Okuldaki bir psikolog ve konuşma terapisti onun iletişim kurma yeteneğini değerlendirdi. Kolya'nın kullandığı çok sayıda kelimeye rağmen iletişim becerisinin oldukça düşük olduğu ortaya çıktı: bir çocuğun insanlara hitap etmesi, sorması, reddetmesi, yorum yapması zor.

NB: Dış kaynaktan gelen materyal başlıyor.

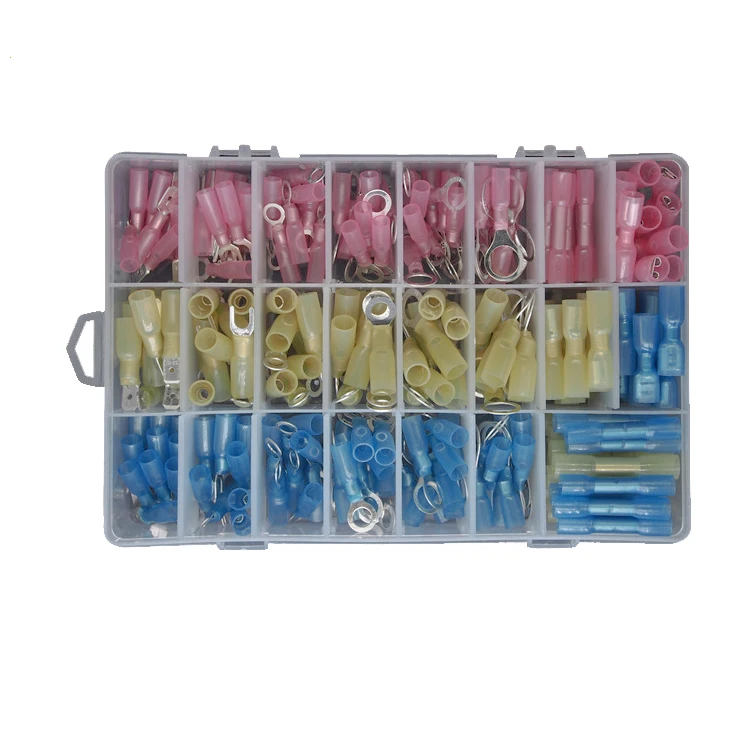 Комплект термоусадочных стыковых соединителей, 240 шт., водонепроницаемые изолированные электрические обжимные клеммы, соединители для проводов морского и автомобильного класса
Комплект термоусадочных стыковых соединителей, 240 шт., водонепроницаемые изолированные электрические обжимные клеммы, соединители для проводов морского и автомобильного класса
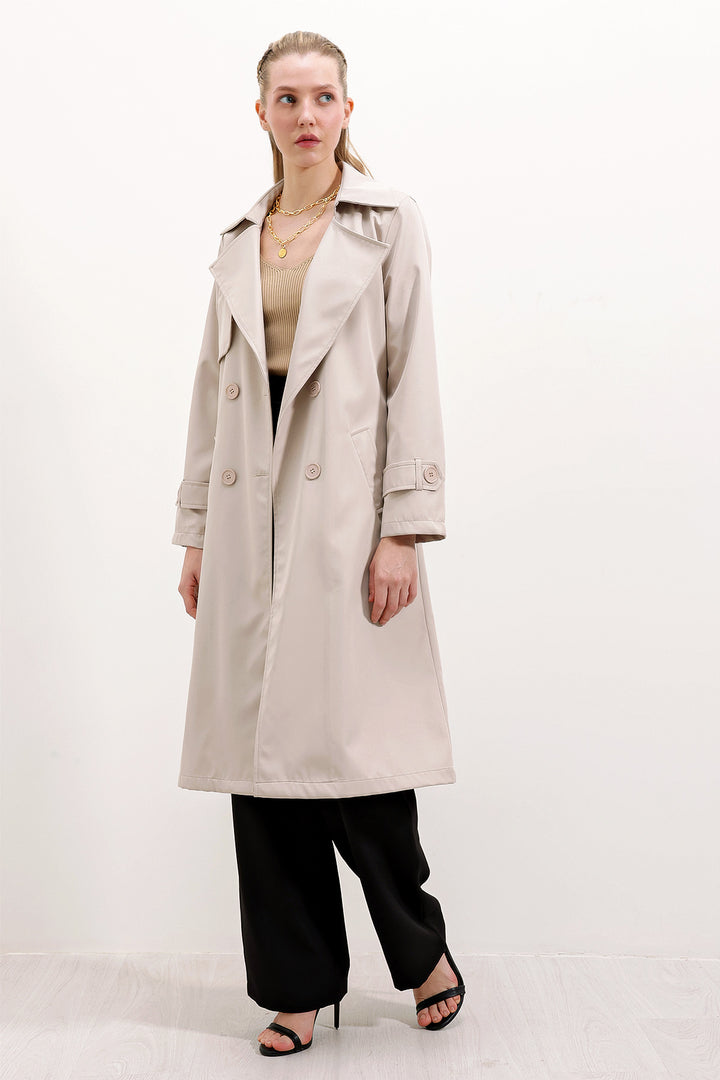 BGD Women Double-Breasted Trench Coat - Beige - Avondale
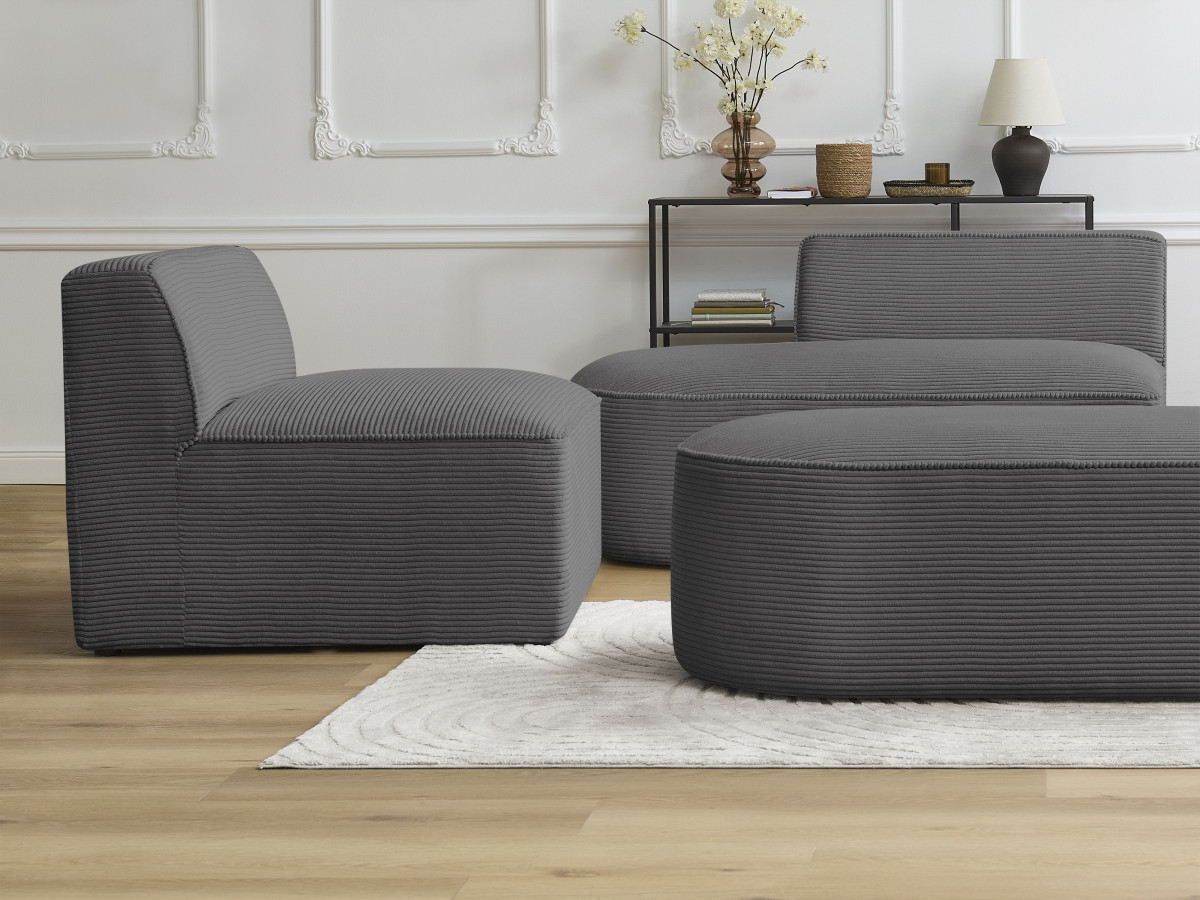 Bobochic Rousseau Sofamodul 1-Sitzer Cordsamt Dunkelgrau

Uzmanlar, iletişim becerilerinin geliştirilmesine yardımcı olan özel bir teknoloji - görüntü değişim sistemi (PECS) kullanmaya başladı. Okulda ve evde düzenli kullanımı sonucunda çocuk diyalog başlatmayı öğrendi, muhatabın dikkatini çekti ve insanlara daha sık hitap etmeye başladı. Buna ek olarak, Kolya'nın davranışı önemli ölçüde iyileşti: sormak veya reddetmek, zevk veya memnuniyetsizliği ifade etmek için artık ağlamasına gerek yoktu - arzularını ve isteksizliğini kelimelerle ifade etmeyi öğrendi.

Efsane 8. Otizm, hayvan terapisi veya sihirli hapla tedavi edilebilir

İnternet her türlü "terapi" teklifiyle dolup taşıyor. Bazıları modern bilgiye, diğerleri temelsiz fikirlere ve yanlış inançlara dayanmaktadır.

Şu anda otizm için "tedavi" yoktur. Kanıtlanmış yardım programlarının uygulamalı davranış analizi fikirleri üzerine inşa edildiği bilinmektedir. Son 10 yılda, bu tür programlar Rusya'da aktif olarak gelişiyor. Bunların çoğu ticari niteliktedir, ancak otizmli çocuklara yardımcı olan aile destek hizmetleri ağı gibi kaliteli ücretsiz programlar da vardır.